Her mom, of course, missed the event. And now gets to think about this "other mom" being there for Chloe's First Lost Tooth. And the story. And the screaming and Cullen-ness and the CSI investigation and the still-told Legend of the Crazy Lunch Lady who's hiding teeth in cafeteria food. She probably hates me.

I want to rewind life. For her. For me. To just a few seconds before those Firsts happen. Even if I could just witness it from across the room. I just want to see the look on his face when he saw his tooth.

But, maybe it's enough that a mom  - any mom - is there for our kids' firsts. Season One's mom was in the car when Lefty lost his tooth. I was there when Chloe lost her tooth. Maybe Chloe's mom will be there for the next kid. I'd like to think that only a mom knows what a mom does. We all want to be there for all the moments, knowing that we can't. Knowing that we'll miss one here or there. But, also knowing that, just sometimes, we'll have the privilege of subbing in for another mom when she can't be there. And I wouldn't miss those moments -- any of them -- for anything.

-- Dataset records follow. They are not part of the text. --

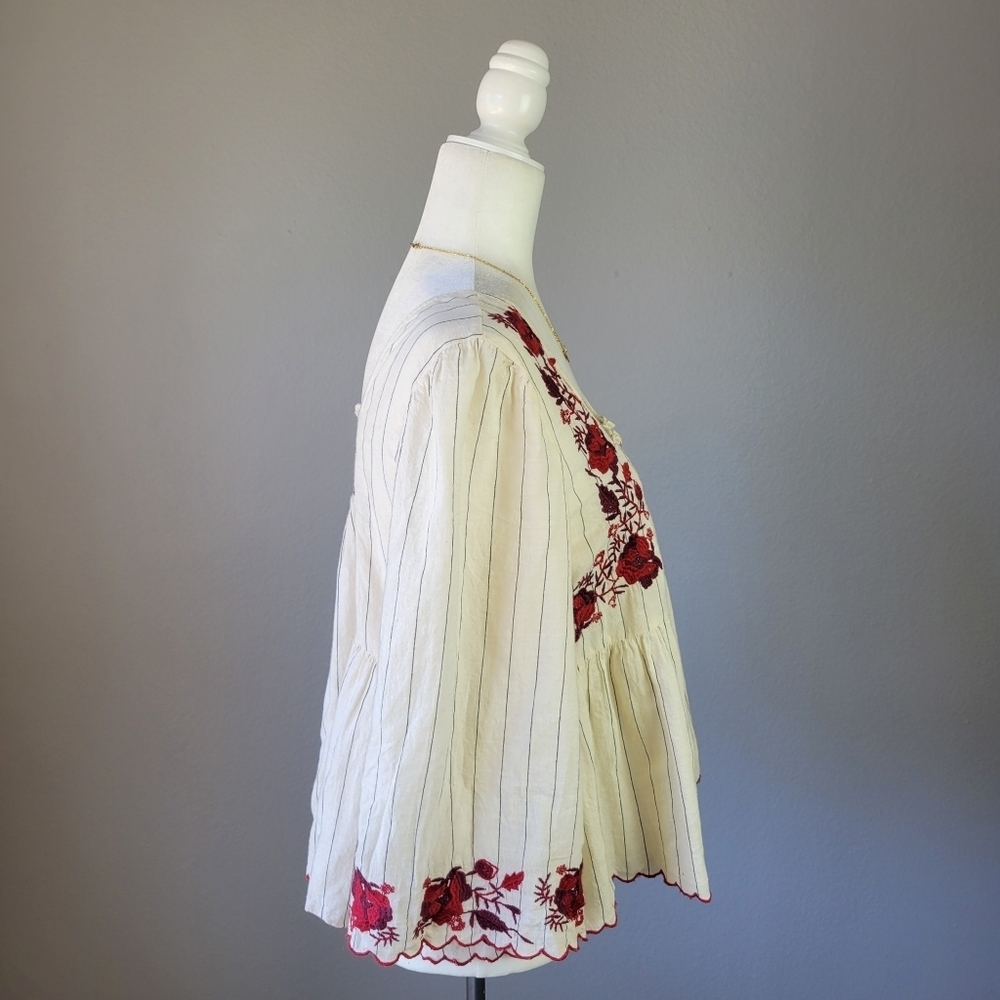 ZARA // boho-chic floral embroidered square neckline smocked cottagecore top - Picture 4 of 7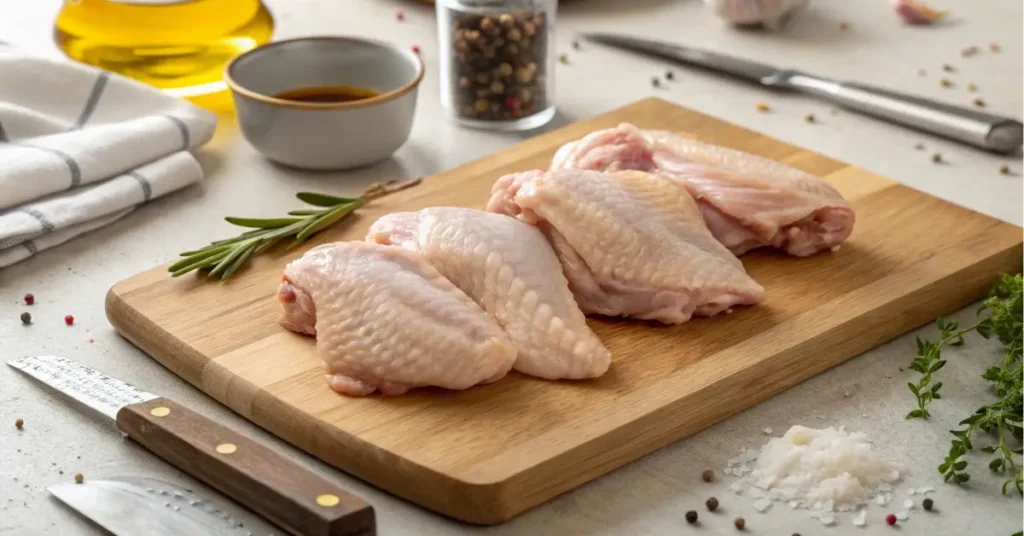 raw chicken wings skinless on cutting board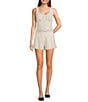 GB Dotted Linen Blend Square Neck Sleeveless Button Front Coordinating Tank - Image 3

I saw Chloe last week at school. Her entire top row of teeth is gone. All six. I told her she had a hole in her face. She told me she lost them all when she slipped off the diving board at the pool. I made a face and asked her if she was OK. "Yeah. You thoulda theen the blood! It wath thoooooooo dithguthting. My mom thaid gee wath glad gee mithed it the latht time. They had to clothe the pool."

Mental note: Miss one, get six in return? Umm, no thanks.

Oh, Lefty has another loose tooth. I'll be working on my Jack McCoy victory face. And, possibly growing out my eyebrows. I just hope I'm there to see it. And, if I have any say, it won't happen at the pool.